Nos vestimos y nos tumbamos en el sofá.
—Si te gustaba tanto, ¿por qué eras tan malo conmigo? —le pregunto y él suspira.
—Tenía que mantenerme lejos. Si era rudo, me evitarías, y lo hiciste.
—¿Por Jason?
—Eres la fruta prohibida, amor. Tenía que alejarme.
—Sí, eso no funcionó muy bien —digo y nos reímos.
—Ya. Supe que estaría en problemas desde el momento en que Jason dijo que vendrías por un tiempo. —Me mira de nuevo.
—Y en el momento en que me di cuenta de que estábamos atrapados aquí juntos... —suspira.
—Supe que no podría contenerme. Lo intenté con todas mis fuerzas.
—¿Y ahora qué? —le pregunto y él me mira.

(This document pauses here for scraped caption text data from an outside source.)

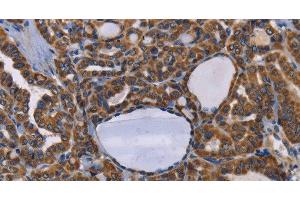 Immunohistochemistry of paraffin-embedded Human thyroid cancer tissue using GRK3 Polyclonal Antibody at dilution 1:50 (ADRBK2 anticorps)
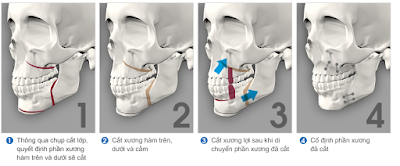 Cắt xương hàm móm như thế nào?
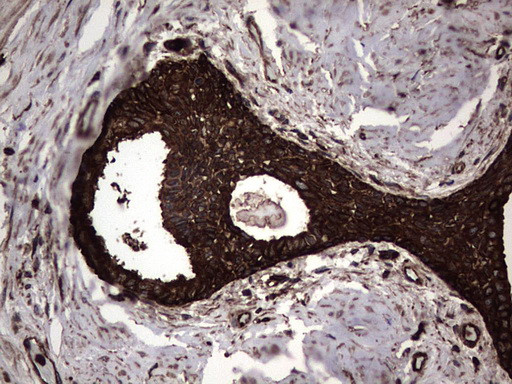 PKM2 Antibody in Immunohistochemistry (Paraffin) (IHC (P))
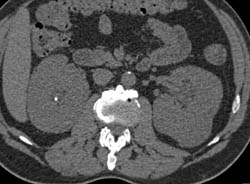 Erdheim-chester Disease Infiltrates the Perirenal Space- Remarkable Case. See Full Sequence of Images - CTisus CT Scan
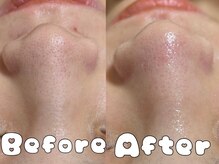 グラシア 倉敷店(Gracia)/ハイドラ毛穴洗浄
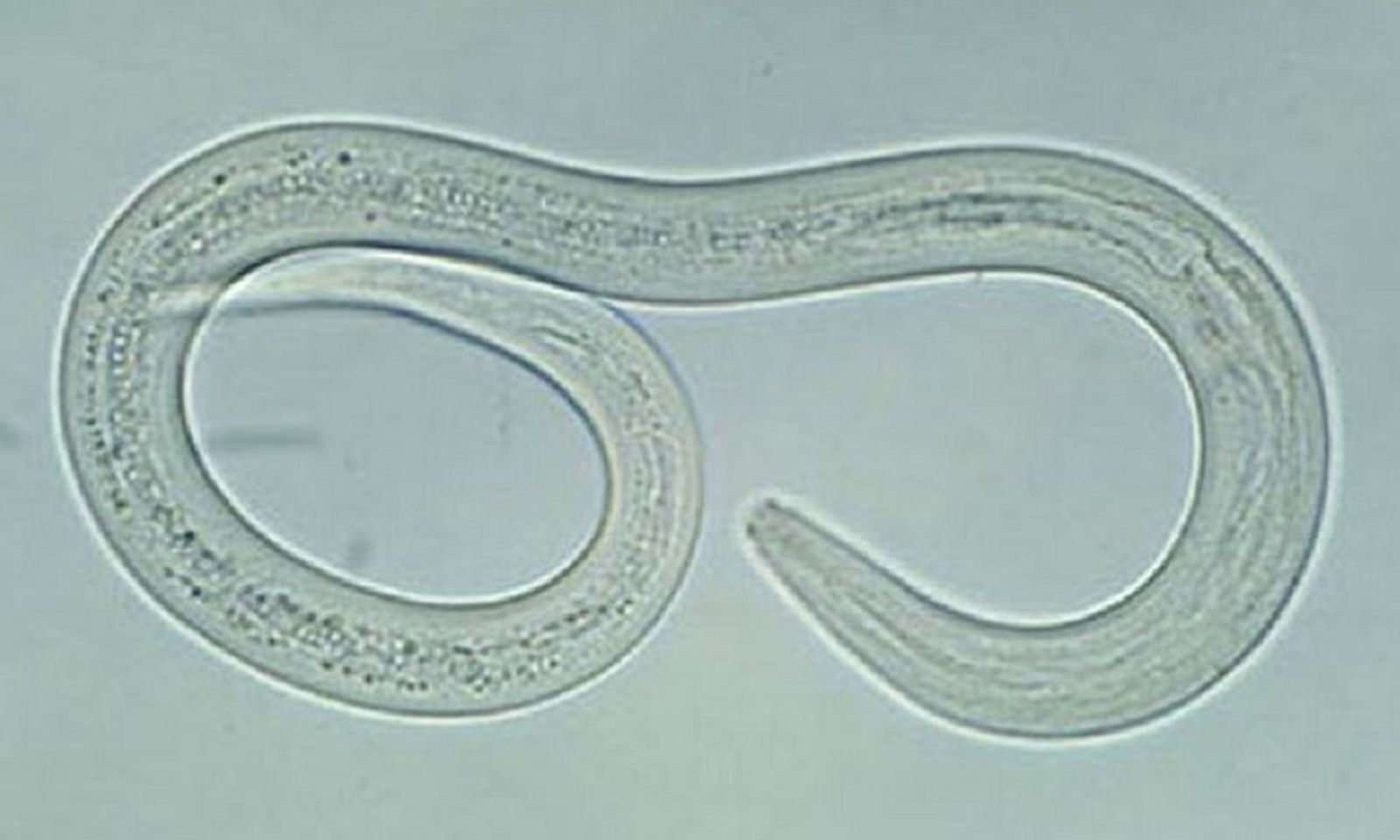 Cụ ông phù chân tay, sụt 11 kg vì nhiễm giun lươn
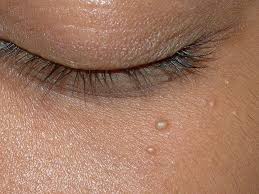 You Probably Have Milia Here S What They Are And How To Treat Them Visage Boutons Sous La Peau Comment Enlever Les Boutons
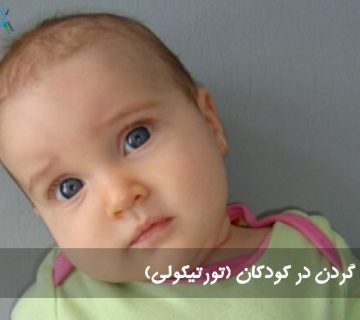 درمان کجی گردن در کودکان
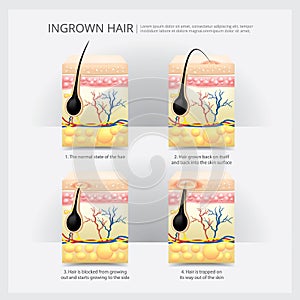 Ingrown Hair Structure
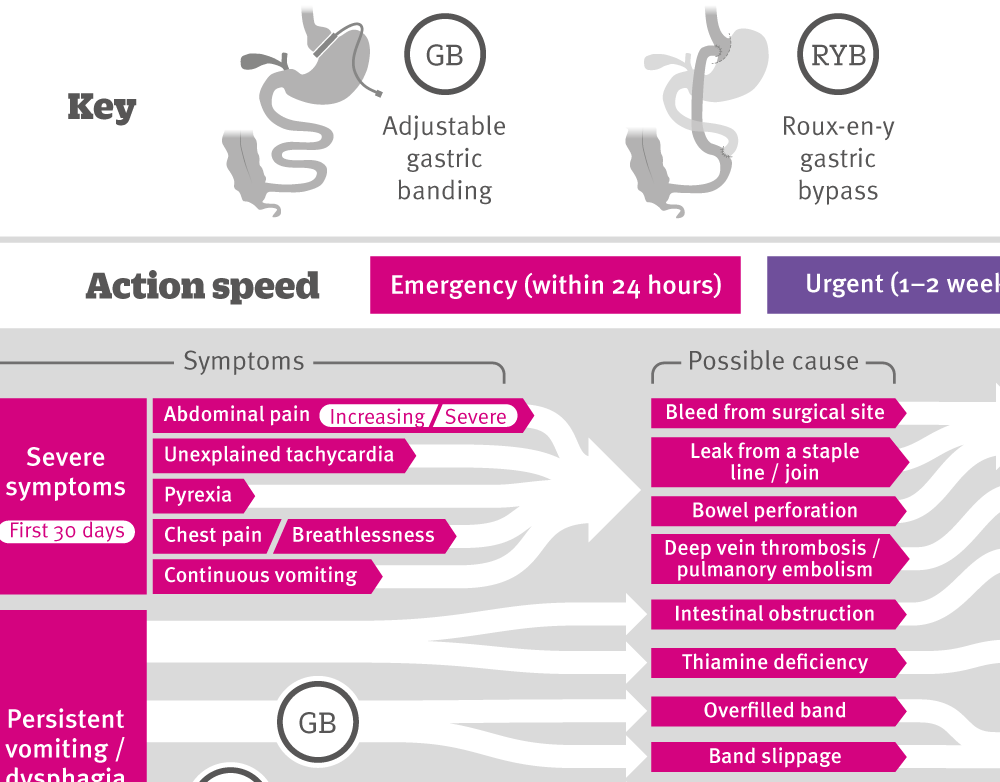 Complications of weight loss surgery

—Bueno, la verdad es que estaremos aquí al menos tres días hasta que pare la tormenta —dice con mirada seductora.
—Y pienso hacer eso otra vez. —Mis dedos acarician sus brazos.
—¿Qué? ¿Follarme? —pregunto con picardía.
—Sí. Otra vez —me besa los labios.
—Y otra vez —vuelve a besarme.
—Y otra vez —me besa de nuevo.
—No vas a poder ni caminar para salir de la casa —dice y yo jadeo.
—¿Lo prometes? —le pregunto y él sonríe.
—Lo prometo, y yo siempre cumplo mis promesas.
—Bien —digo y salgo de su abrazo.
—¿Quieres un aperitivo? Me ha vuelto a dar hambre —digo y él suelta una carcajada.
—Claro. ¿Qué tienes? —dice y camina hacia la cocina. Digamos que tuvimos un aperitivo nocturno. Va a ser una tormenta muy larga.